“Drama, humour and unconscious performances of the everyday”: Cao Fei At China Visual Festival 2016

Linda Pittwood hears about the threads that bind together the films of contemporary artist Cao Fei: the star guest at this year’s Chinese Visual Festival in London…

In the Q&A, someone asked: “What does it mean to see your work on the big screen, when it was made for the gallery context?” Artist Cao Fei replied, in English, that her work crosses over between video art, film and even new media. She added that the advantage of seeing it on the big screen is that it “forces people to see the work from beginning to end… it makes more sense.”
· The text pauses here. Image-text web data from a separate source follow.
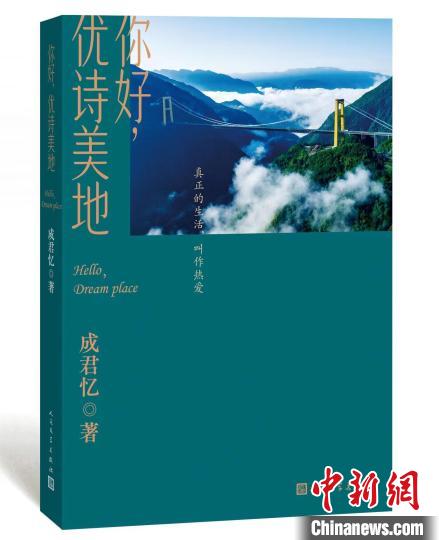 從麻辣轉(zhuǎn)清涼，《水煮三國》作者推自然文學(xué)新作《你好，優(yōu)詩美地》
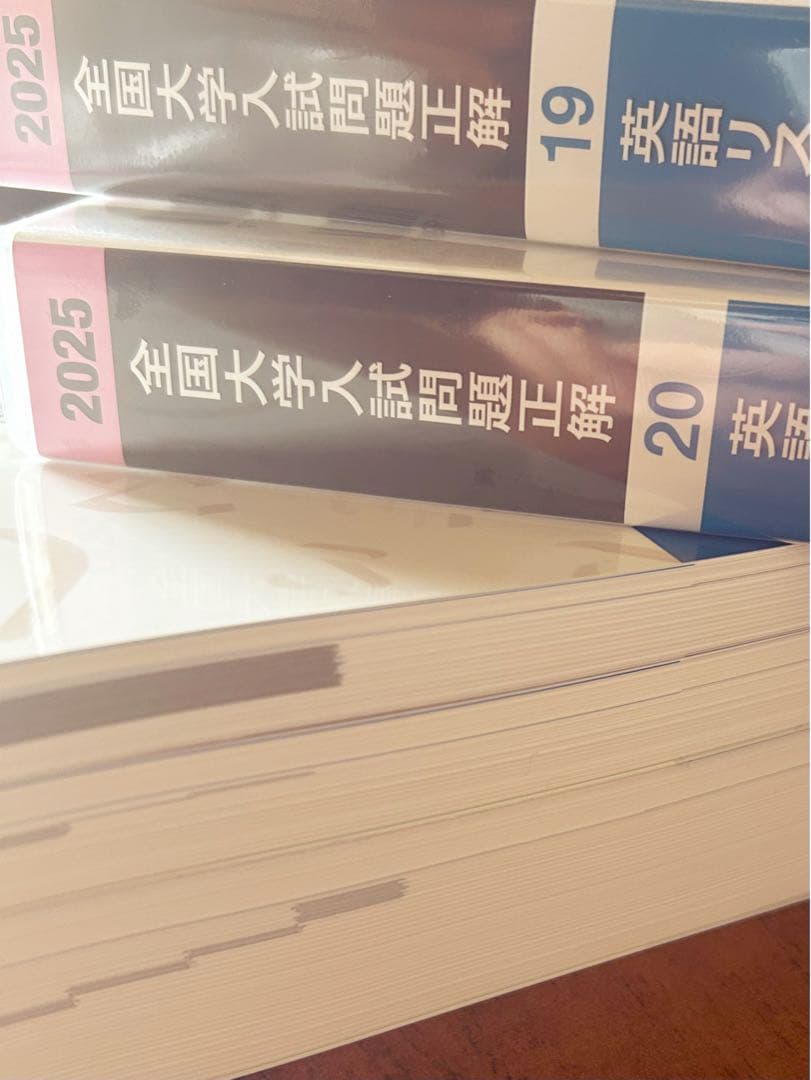 【新品未使用】2025受検用 全国大学入試問題正解 英語 (国立・私立・追加)ꕤ︎︎
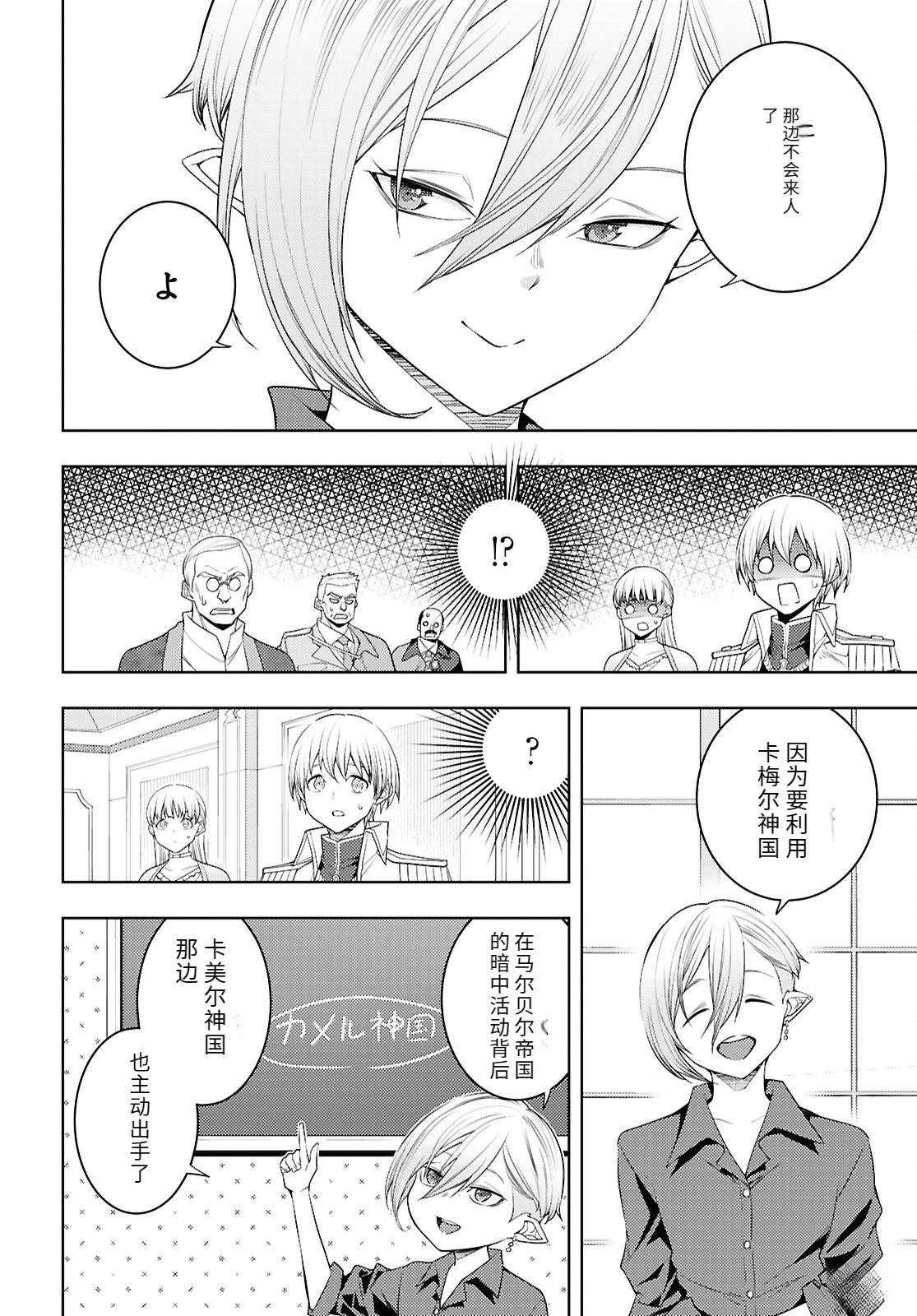 第73话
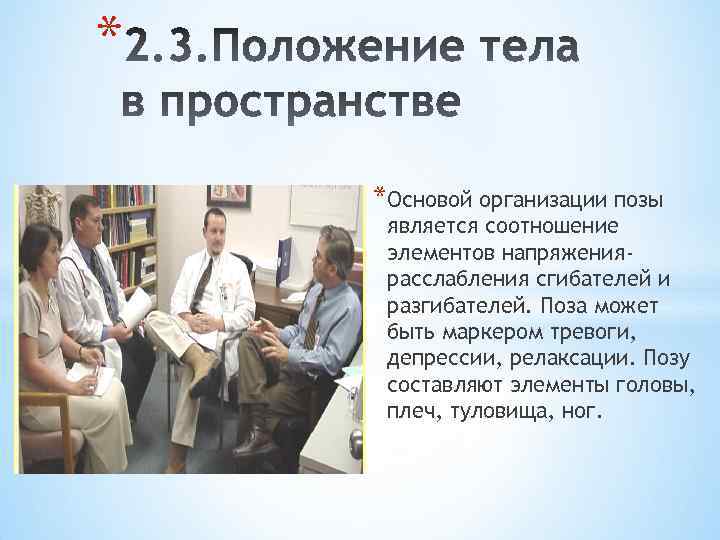 * *Основой организации позы является соотношение элементов напряжениярасслабления сгибателей и разгибателей. Поза может быть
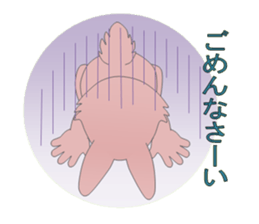 Playful rabbits sticker #3079789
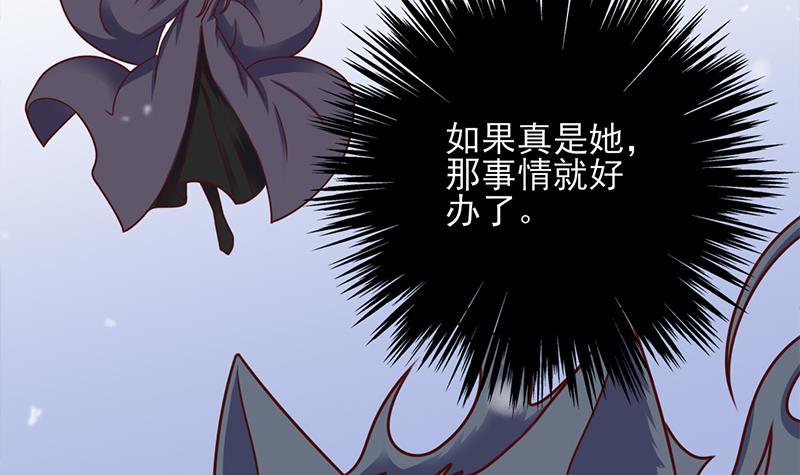 第324话 妖鬼的目的(1/2)-第235话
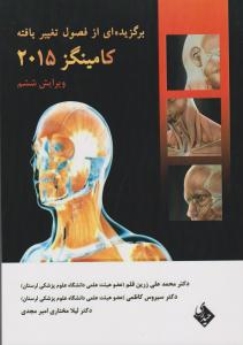  برگزیده ای از فصول تغییر یافته کامینگز 2015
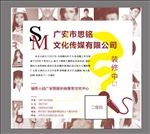 传媒公司海报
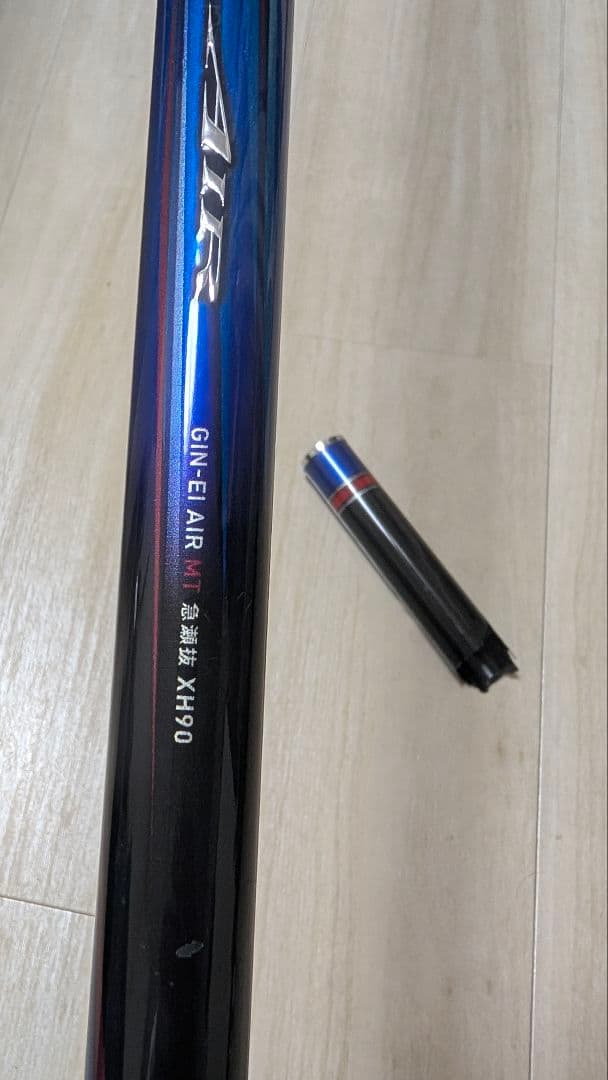 銀影エアー　MT 急瀬抜　XH90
It’s an apt comment for the opening of Chinese Visual Festival (CVF) 2016, who aim to showcase and explore a combination of cutting-edge contemporary cinema and art from the Chinese-speaking world, and which was held at one of the UK’s most famous cinemas (as opposed to within a gallery space), BFI Southbank. The CVF is also, as it turned out, an opportunity to discuss a rich variety of ongoing political and social issues, like East/West tensions, culture clashes, and Chinese modernity, as well as cross-cultural motifs like Pac-man, hip-hop and avatars, to personal reflections on loneliness and work-life balance.

The CVF launch, therefore, was a good way to summarize the festival’s aims. A double-bill, I saw a selection of six short films, entitled Pulse of the Pearl River Delta, curated by Fei and CVF curator Sylvia Zhen, and then an in-conversation called Cao Fei: It’s a Game!, with Fei, Zhen and Chris Berry of King’s College London, interspersed with six of the artist’s own films. Fei chose to focus on the Pearl River Delta region for her selection because of its “independent” streak; the result, she says, of being further from Beijing. It is her home province, having been born in Gaungzhou – she only “gave in” to the lure of China’s capital in 2006.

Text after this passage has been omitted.